The challenge is that different models have different skeletons. A Mixamo character has bones named mixamorigHips, mixamorigSpine, mixamorigLeftArm. A VRM model has J_Bip_C_Hips, J_Bip_C_Spine, J_Bip_L_UpperArm. Same concept, different names, different rest poses. Making an animation from one skeleton play on another is called retargeting — and the format you choose determines how much retargeting work you need to do.

FBX (Autodesk Filmbox)

FBX is the workhorse of 3D animation. Developed by Autodesk, it is a binary format that stores skeleton hierarchies, bone animations, meshes, and materials.
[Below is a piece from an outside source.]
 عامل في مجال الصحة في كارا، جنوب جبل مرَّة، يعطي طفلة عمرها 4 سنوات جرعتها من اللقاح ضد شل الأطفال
If you have used Mixamo — Adobe's free motion capture library with thousands of animations — you have used FBX.

What is inside an FBX animation file:
- A skeleton hierarchy with named bones
- Keyframe data: rotation quaternions (and optional position/scale) per bone per frame
- Timing metadata (frame rate, duration)

Strengths:
- The largest animation library in the world (Mixamo alone has 2,500+ motions)
- Industry standard — every 3D tool exports FBX
- Compact binary format

Limitations:
- Proprietary binary format (not human-readable)
- Always requires retargeting for VRM models
- Skeleton naming conventions vary between sources

Retargeting FBX to VRM:

When an FBX animation is loaded in the browser, a retargeting step maps Mixamo bones to VRM bones in real time:

Strip the mixamorig prefix and match to VRM humanoid bone names
For each keyframe, convert the rotation from the FBX rest pose into world space, then back into the VRM rest pose
Scale the hip height to match the target model's proportions
Handle coordinate system differences between VRM versions

The core mapping covers 22 bones — hips through toes, spine through head, both arms and hands. Finger bones are typically excluded from basic retargeting since they require per-model calibration.
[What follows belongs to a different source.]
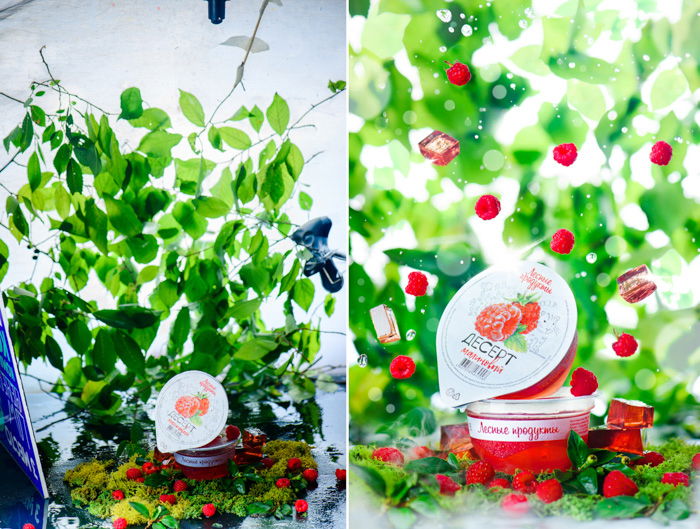 raspberry jelly packets, photo edited with raspberries falling around the container, green leaves in the background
When to use FBX: When you need a large library of ready-made animations. Mixamo is free and covers nearly every common motion — walking, waving, dancing, idle poses, combat, expressions. The retargeting cost is paid once at load time and cached.

VRMA (VRM Animation)

VRMA is the native animation format for VRM models, created by Pixiv (the same organization behind the VRM standard). It is built on glTF 2.0 — the modern open standard for 3D — with VRM-specific extensions.

What is inside a VRMA file:
- A glTF container (JSON metadata + binary buffer)
- Skeletal animation keyframes using VRM humanoid bone identifiers
- Optional blend shape (expression) animation tracks

Strengths:
- No retargeting required — bones already use VRM naming conventions
- Open format, human-readable JSON metadata
- Can include facial expression animations alongside body motion
- Designed for the VRM ecosystem

Limitations:
- Smaller animation library compared to FBX/Mixamo
- Larger file size than equivalent FBX (glTF overhead)
- Tooling is still maturing

How VRMA loading works:

The VRM Animation Loader Plugin reads the glTF extensions and produces animation clips that are already compatible with the target VRM model. No bone mapping, no quaternion conversion, no rest-pose math. The animation just plays.
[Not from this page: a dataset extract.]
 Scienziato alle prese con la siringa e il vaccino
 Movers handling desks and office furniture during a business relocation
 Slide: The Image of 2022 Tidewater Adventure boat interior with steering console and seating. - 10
When to use VRMA: When you are building specifically for VRM avatars and want zero retargeting overhead. VRMA is also the best choice for animations that include facial expressions, since the blend shape tracks are baked in. As the format matures, it will increasingly replace FBX for VRM workflows.

BVH (Biovision Hierarchy)

BVH is the oldest format on this list and the simplest. Created by Biovision for motion capture data, it is a plain text format that anyone can open in a text editor.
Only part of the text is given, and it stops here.